With regards to family, the Children’s Bill of Rights states that –

  1. Family is the fundamental group of society
  2. Family is the natural environment for the growth and well-being of its members, particularly children
  3. Parents or, as the case may be, legal guardians, have the primary responsibility for the upbringing and development of the child. The best interests of the child will be their basic concern
  4. Every child has the Right to a good education, and everyone has the Responsibility to encourage all children to go to school

Regarding the role of state, the bill says that –

  1. States are obliged to support and respect parents’ primary responsibility for providing care and guidance for their children
  2. States are also obliged to prevent children from being separated from their families unless the separation is necessary for the child’s best interests
  3. States shall respect the rights and duties of the parents to provide direction to the child in the exercise of his or her right in a manner consistent with the evolving capacities of the child
  4. If the laws of a particular country protects children better than the articles of the Convention, then those laws should override the Convention

This clearly means that informed choice of a family with regards to a child should be respected by the state. If the child is forced to homeschool in an abusive environment then it is a different matter altogether.

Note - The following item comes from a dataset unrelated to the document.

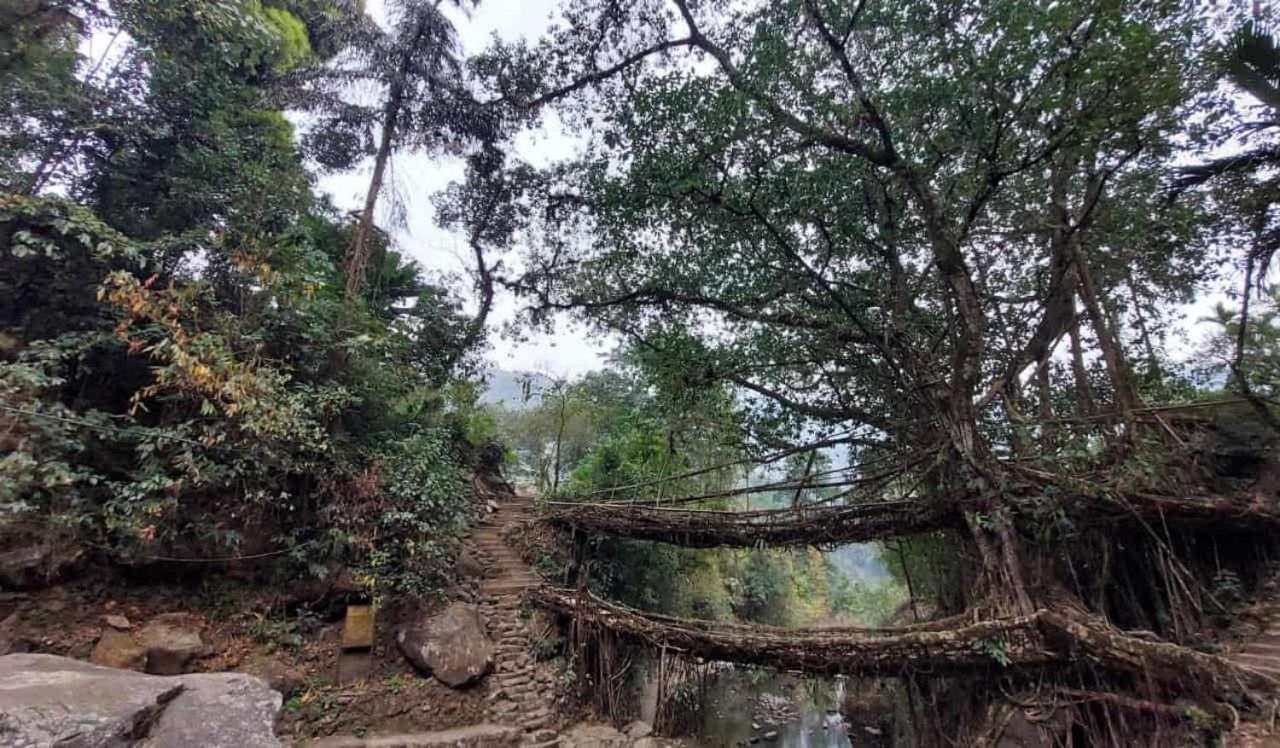 Odyssey Stays Nongriat - 3Kms Trek From Main Road Cherrapunji Ngoại thất bức ảnh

The point of view in the article 26 of the Universal Declaration of Human Rights also delves in to the matter. It states that-

  1. Everyone has the right to education. Education shall be free, at least in the elementary and fundamental stages. Elementary education shall be compulsory.
  2. Education shall be directed to the full development of the human personality and to the strengthening of respect for human rights and fundamental freedoms. It shall promote understanding, tolerance and friendship among all nations, racial or religious groups, and shall further the activities of the United Nations for the maintenance of peace.
  3. Parents have a prior right to choose the kind of education that shall be given to their children.

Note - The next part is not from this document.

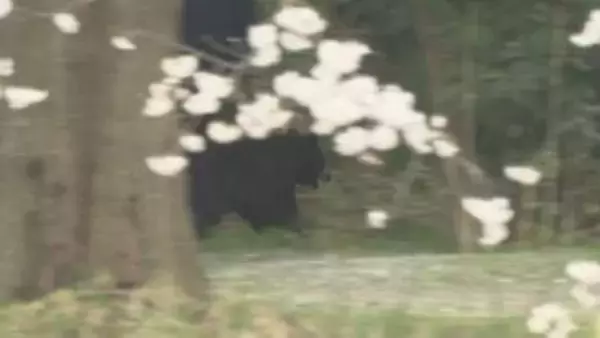 “おいしい思いをした”クマが再び人里へ…4～6月は例年より注意「冬眠明けは非常にお腹が空いている」専門家が警鐘　福島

So, as per the international agreements and declarations, to which India is a signatory, the issue to parental role in education of the child is amply clear. Even from the point of view of natural justice, this line of argument holds water. Though it is a different matter altogether that local courts are not obliged to conform to the international treaties and bills. They can settle an issue primarily on the basis of interpretation of a local law.

So what do we conclude?

RTE is about the obligations of the state and not the parent. It is primarily about providing quality elementary education, universally!

RTE is completely silent on homeschooling. It does not state that homeschooling is legal. But it also does not state it to be an illegal proposition. What is amply clear is that not sending a child to school is not unlawful but not providing access to ‘quality’ school is!

And if, as a homeschooler, you are still worried about legality, all I can say is that the Government has far more critical issues to handle than homeschoolers! As for us, we would have anyways undertaken this journey anyways – legal or illegal!

Bon Voyage!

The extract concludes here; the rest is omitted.